19 janvier 2014

L'actualité politique, vue par 4 blogs #S01E16

Nouveau tri sélectif et subjectif de quelques billets de la blogosphère politique qu'il ne fallait pas rater cette semaine. On pouvait parler de l'affaire Gayet (et oui), mais aussi des pauvres et des riches.
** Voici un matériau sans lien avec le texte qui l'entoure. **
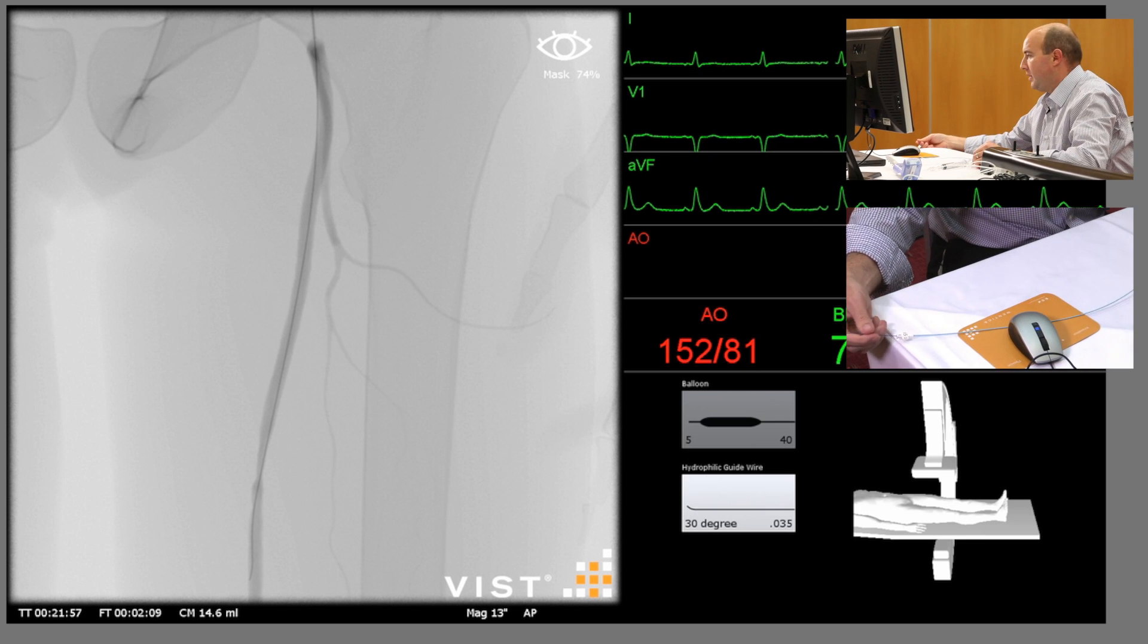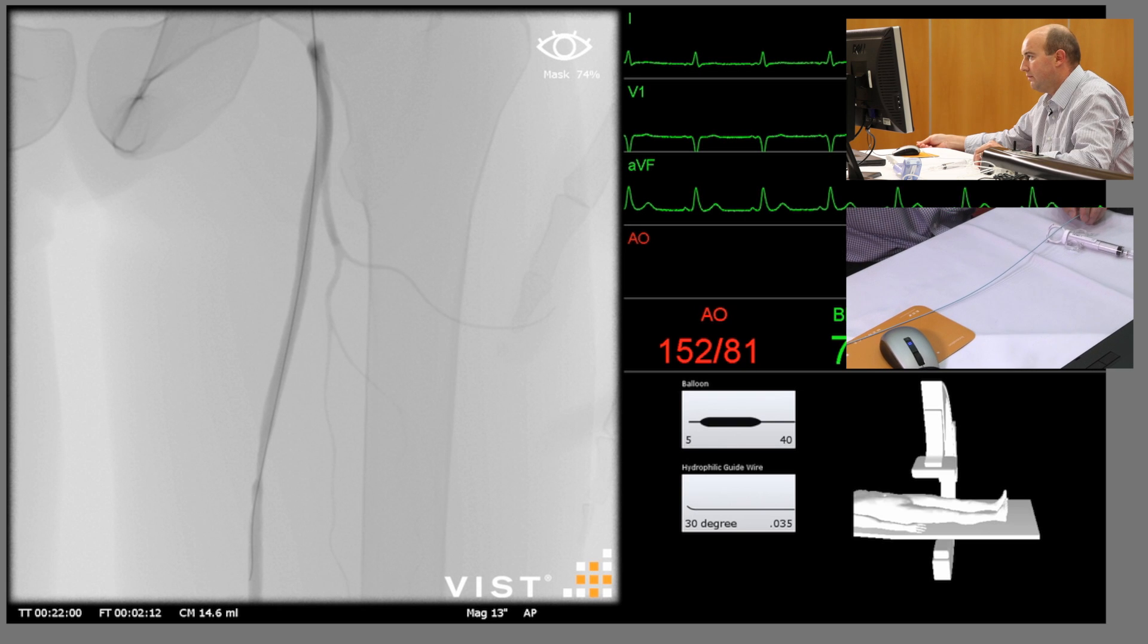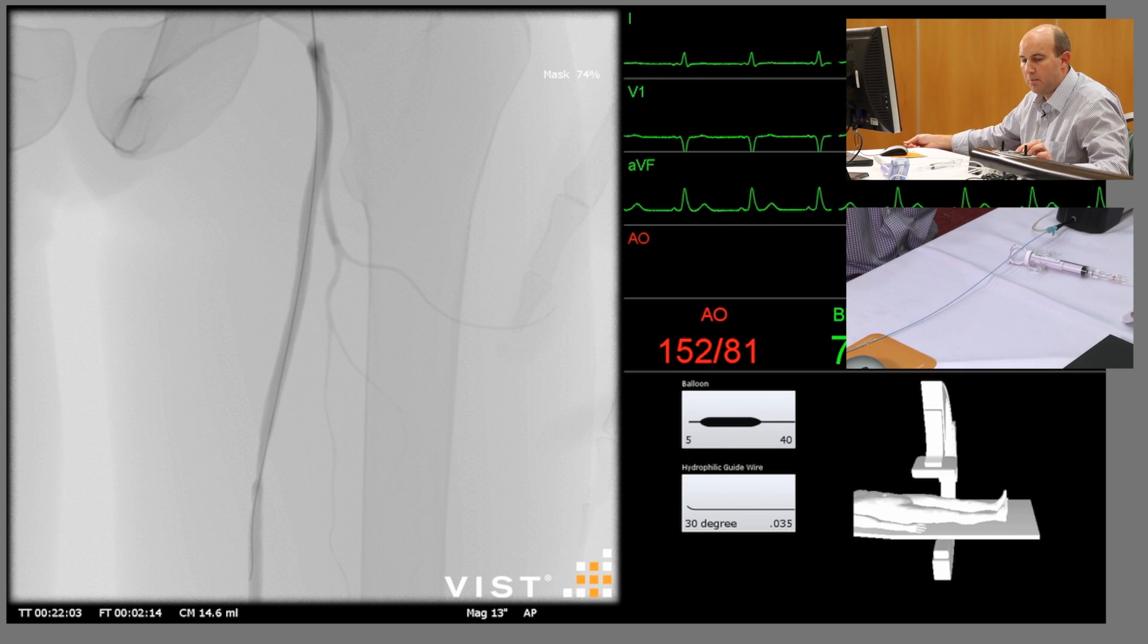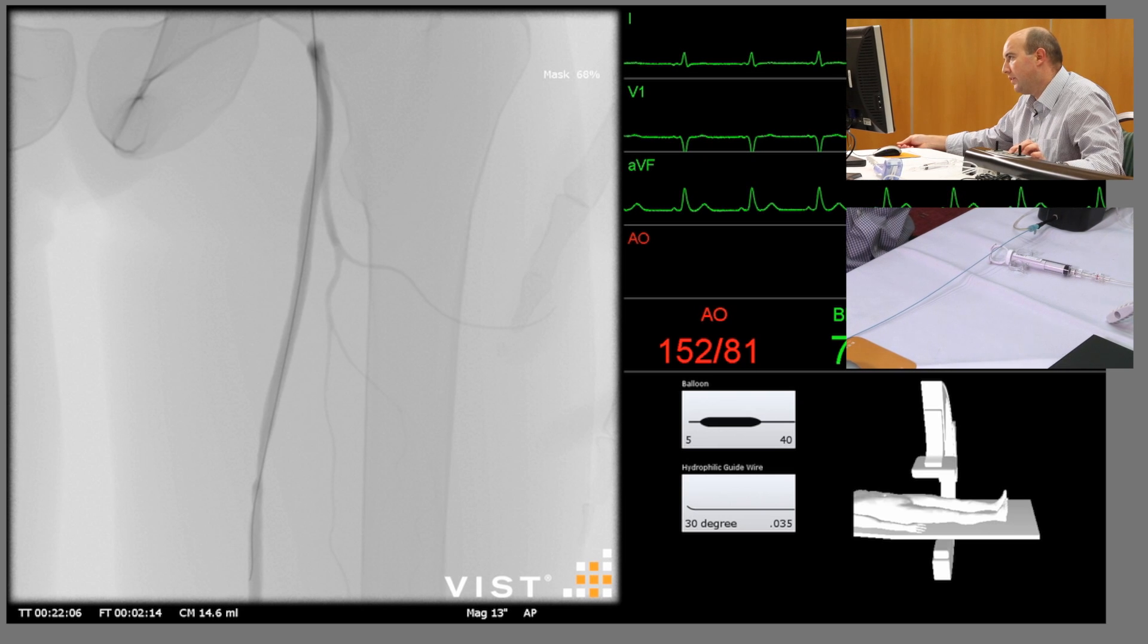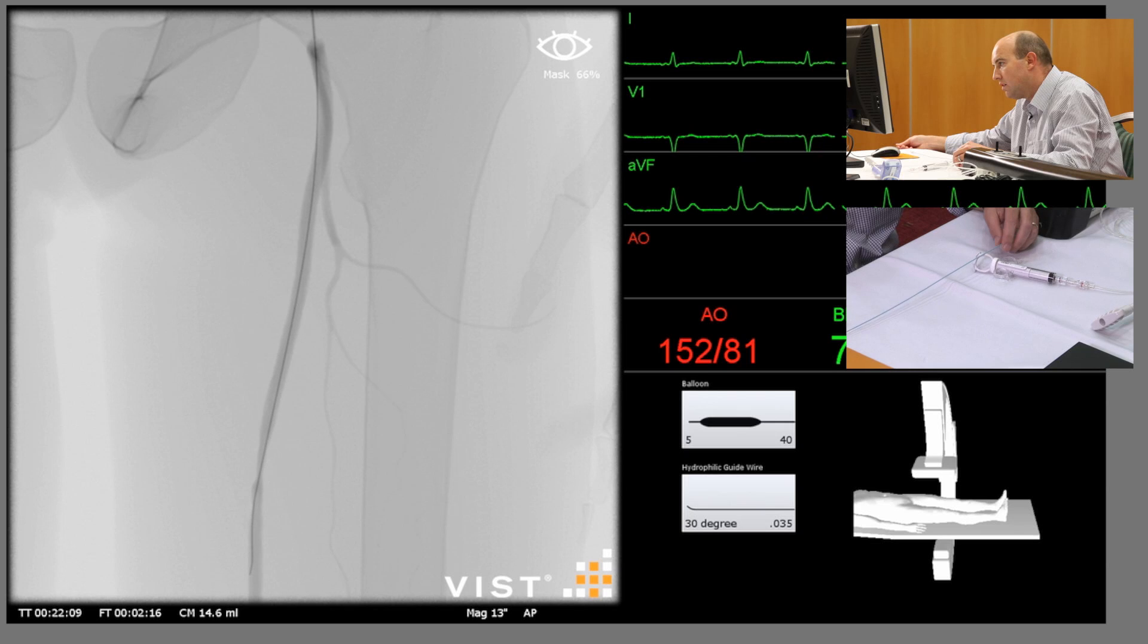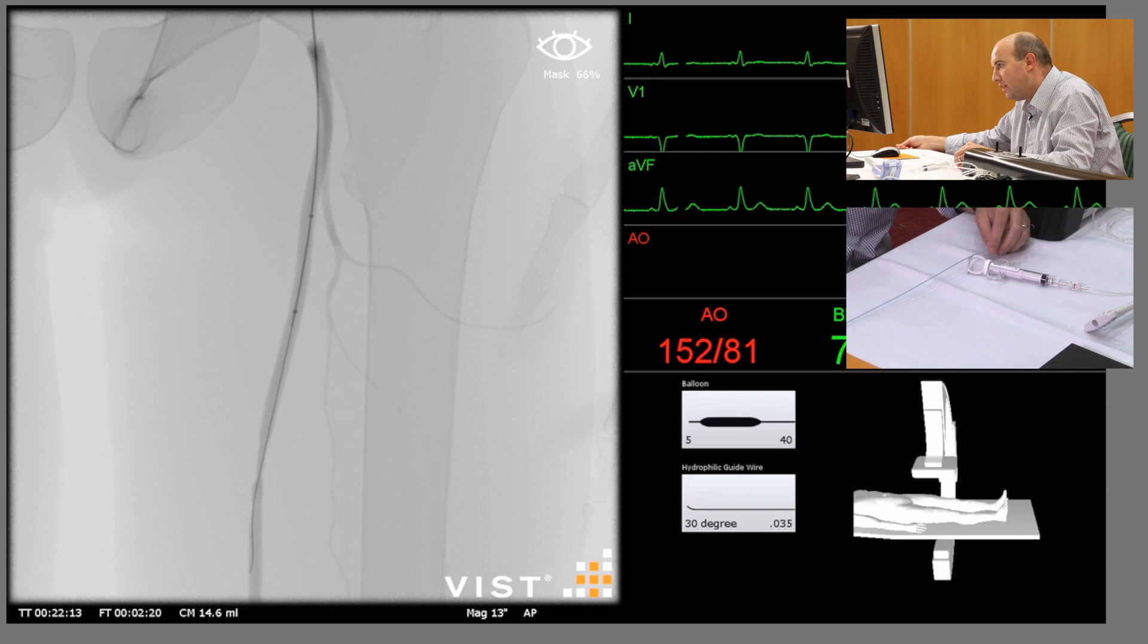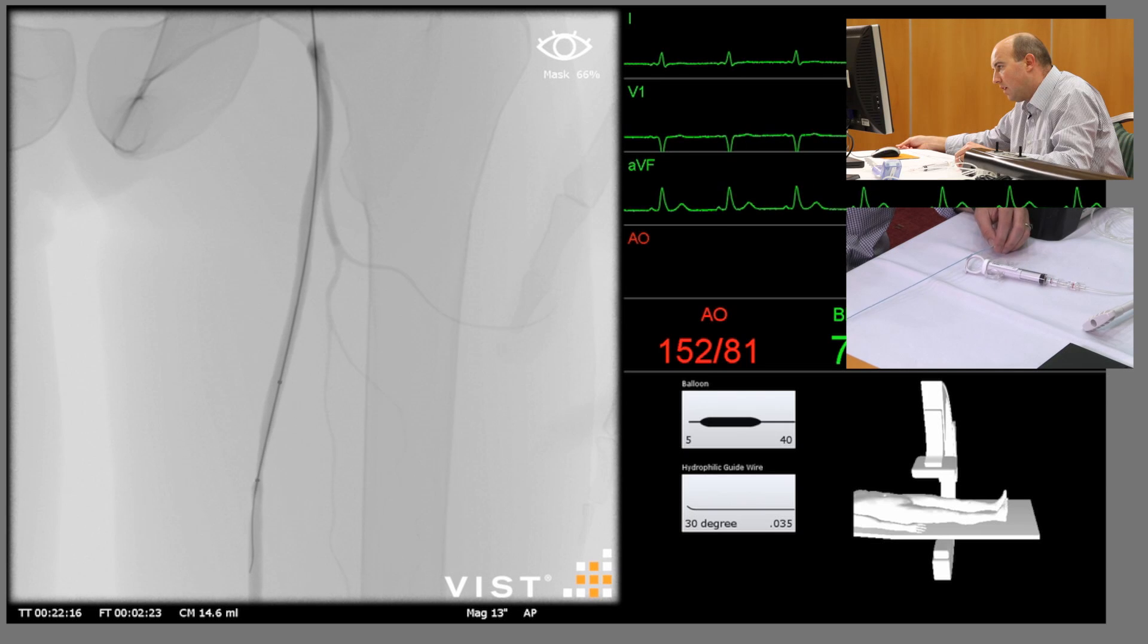Still hasn't recognized the balloon. There it has now. Just take the mask a little bit off so we can see the balloon coming down. And there you see, just engaging down the SFA and position.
Dedalus sort de sa réserve pour s'étonner "de la responsabilité des journalistes dans la hiérarchisation de l’information".  Le blogueur, soutien de l'actuel président, n'en revient pas, comme d'autres ailleurs sur l'échiquier politique, de l'importance de l'affaire Gayet dans la conférence de presse de François Hollande le 14 janvier dernier: "Il n’y a aucun suspens. Un journaliste, de son propre chef ou sur commande de sa rédaction, posera une question à François Hollande en suite aux révélations du magazine Closer sur sa vie privée. Il ne s’agira pas, pour ce journaliste en question, d’obtenir une réponse sérieuse à une question sérieuse qui préoccupe tout le monde. Elle n’existe pas, cette question. Essayez… Elle n’existe pas."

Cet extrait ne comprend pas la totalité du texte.